Existing general-purpose safety benchmarks struggle to effectively evaluate the reliability, safety, and abuse resistance of large language models (LLMs) in scientific applications due to domain mismatch and insufficient threat coverage. This work proposes a novel LLM safety paradigm tailored for scientific contexts: it first establishes the first threat taxonomy specific to scientific research; then introduces an automated adversarial evaluation benchmark generated via a multi-agent system; and further integrates red-teaming, embedded safety agents, and external boundary controls into a multi-layered defense framework. By offering a systematic approach to risk identification, assessment, and mitigation, this study provides a comprehensive solution for deploying LLMs in scientific domains and addresses the critical gap in domain-specific safety evaluation and defense mechanisms.

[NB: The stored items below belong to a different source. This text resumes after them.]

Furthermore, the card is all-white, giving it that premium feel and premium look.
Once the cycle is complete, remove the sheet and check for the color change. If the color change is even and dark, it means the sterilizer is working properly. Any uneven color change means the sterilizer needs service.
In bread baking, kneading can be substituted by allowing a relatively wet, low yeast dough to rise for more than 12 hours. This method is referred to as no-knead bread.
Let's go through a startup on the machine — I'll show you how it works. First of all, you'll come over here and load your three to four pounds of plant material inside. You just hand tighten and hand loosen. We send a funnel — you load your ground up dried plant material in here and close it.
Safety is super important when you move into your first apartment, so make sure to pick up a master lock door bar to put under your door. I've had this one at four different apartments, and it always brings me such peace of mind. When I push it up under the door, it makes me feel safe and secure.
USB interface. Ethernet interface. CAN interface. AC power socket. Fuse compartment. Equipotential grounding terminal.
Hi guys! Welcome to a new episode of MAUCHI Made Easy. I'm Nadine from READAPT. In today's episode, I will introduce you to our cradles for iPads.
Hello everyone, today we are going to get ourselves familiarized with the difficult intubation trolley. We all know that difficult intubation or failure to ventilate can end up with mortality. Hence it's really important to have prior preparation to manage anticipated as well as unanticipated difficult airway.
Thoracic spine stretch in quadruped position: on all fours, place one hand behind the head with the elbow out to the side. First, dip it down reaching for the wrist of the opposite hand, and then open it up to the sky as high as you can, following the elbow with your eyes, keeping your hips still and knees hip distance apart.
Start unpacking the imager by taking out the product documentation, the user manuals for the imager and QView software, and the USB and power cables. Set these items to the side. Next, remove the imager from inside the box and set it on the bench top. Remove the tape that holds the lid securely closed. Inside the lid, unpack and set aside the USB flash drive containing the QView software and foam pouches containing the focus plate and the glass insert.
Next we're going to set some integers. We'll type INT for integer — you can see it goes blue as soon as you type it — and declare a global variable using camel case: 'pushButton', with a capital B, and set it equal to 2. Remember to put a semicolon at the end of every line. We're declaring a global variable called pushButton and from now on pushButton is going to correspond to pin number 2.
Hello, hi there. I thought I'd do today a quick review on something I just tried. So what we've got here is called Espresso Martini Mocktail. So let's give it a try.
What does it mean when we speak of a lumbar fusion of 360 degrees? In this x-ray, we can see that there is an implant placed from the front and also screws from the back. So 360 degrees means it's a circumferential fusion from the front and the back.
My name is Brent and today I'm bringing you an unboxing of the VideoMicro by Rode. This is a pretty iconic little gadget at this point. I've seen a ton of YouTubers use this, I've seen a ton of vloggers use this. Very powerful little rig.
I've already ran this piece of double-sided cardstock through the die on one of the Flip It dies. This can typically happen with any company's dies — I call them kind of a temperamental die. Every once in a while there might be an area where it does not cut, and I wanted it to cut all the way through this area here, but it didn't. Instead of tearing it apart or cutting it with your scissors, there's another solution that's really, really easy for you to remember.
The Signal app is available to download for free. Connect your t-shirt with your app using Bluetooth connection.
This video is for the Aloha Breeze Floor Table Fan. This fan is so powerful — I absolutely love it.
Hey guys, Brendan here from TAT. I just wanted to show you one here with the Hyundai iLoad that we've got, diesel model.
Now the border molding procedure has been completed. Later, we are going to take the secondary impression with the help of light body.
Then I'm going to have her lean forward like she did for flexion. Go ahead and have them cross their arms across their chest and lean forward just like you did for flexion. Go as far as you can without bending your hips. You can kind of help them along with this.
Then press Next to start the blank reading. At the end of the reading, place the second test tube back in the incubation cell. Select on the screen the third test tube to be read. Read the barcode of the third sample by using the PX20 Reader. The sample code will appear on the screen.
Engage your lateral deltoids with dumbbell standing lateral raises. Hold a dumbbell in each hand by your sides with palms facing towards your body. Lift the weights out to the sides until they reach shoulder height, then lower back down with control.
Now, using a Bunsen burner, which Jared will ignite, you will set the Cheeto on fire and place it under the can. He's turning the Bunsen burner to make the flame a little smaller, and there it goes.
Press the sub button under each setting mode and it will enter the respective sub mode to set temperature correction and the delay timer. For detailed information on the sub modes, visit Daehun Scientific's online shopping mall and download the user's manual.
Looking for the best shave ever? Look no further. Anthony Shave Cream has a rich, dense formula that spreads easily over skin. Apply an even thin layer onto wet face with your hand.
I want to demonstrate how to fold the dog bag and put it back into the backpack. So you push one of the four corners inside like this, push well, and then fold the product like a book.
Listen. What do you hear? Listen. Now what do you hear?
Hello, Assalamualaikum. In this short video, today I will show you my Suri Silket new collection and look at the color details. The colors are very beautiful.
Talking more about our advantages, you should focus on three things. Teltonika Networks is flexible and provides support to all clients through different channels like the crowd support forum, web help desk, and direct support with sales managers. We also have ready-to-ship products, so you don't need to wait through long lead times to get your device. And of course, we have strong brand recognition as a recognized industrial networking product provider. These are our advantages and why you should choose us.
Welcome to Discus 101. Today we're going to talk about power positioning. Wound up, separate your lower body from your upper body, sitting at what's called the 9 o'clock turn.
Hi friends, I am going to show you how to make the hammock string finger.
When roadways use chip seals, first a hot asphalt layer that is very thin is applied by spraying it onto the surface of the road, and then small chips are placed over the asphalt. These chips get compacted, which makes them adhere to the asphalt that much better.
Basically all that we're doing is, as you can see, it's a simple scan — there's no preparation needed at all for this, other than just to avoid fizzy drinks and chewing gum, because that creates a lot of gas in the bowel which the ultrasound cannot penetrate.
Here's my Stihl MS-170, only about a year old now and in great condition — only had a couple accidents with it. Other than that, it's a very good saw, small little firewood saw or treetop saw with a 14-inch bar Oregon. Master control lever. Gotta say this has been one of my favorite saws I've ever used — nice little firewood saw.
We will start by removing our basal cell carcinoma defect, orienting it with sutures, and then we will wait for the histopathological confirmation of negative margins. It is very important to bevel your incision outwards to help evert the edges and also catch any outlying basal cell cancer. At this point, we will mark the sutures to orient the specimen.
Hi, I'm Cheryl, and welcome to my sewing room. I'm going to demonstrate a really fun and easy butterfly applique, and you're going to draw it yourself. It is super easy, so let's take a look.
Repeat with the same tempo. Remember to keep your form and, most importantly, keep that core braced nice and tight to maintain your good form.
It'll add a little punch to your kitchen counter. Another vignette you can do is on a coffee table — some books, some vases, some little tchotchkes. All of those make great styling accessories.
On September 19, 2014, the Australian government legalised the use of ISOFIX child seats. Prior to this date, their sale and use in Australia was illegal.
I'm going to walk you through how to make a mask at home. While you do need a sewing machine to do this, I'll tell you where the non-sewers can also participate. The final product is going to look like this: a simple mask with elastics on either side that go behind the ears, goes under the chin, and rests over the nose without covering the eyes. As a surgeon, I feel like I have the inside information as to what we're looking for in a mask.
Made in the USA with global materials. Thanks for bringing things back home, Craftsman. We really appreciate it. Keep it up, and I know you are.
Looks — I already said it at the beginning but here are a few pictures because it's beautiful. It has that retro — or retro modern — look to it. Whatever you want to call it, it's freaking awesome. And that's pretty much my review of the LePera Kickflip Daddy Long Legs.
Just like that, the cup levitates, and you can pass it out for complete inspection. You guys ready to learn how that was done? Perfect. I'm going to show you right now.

As large language models (LLMs) evolve into autonomous "AI scientists," they promise transformative advances but introduce novel vulnerabilities, from potential "biosafety risks" to "dangerous explosions." Ensuring trustworthy deployment in science requires a new paradigm centered on reliability (ensuring factual accuracy and reproducibility), safety (preventing unintentional physical or biological harm), and security (preventing malicious misuse). Existing general-purpose safety benchmarks are poorly suited for this purpose, suffering from a fundamental domain mismatch, limited threat coverage of science-specific vectors, and benchmark overfitting, which create a critical gap in vulnerability evaluation for scientific applications. This paper examines the unique security and safety landscape of LLM agents in science. We begin by synthesizing a detailed taxonomy of LLM threats contextualized for scientific research, to better understand the unique risks associated with LLMs in science. Next, we conceptualize a mechanism to address the evaluation gap by utilizing dedicated multi-agent systems for the automated generation of domain-specific adversarial security benchmarks. Based on our analysis, we outline how existing safety methods can be brought together and integrated into a conceptual multilayered defense framework designed to combine a red-teaming exercise and external boundary controls with a proactive internal Safety LLM Agent. Together, these conceptual elements provide a necessary structure for defining, evaluating, and creating comprehensive defense strategies for trustworthy LLM agent deployment in scientific disciplines.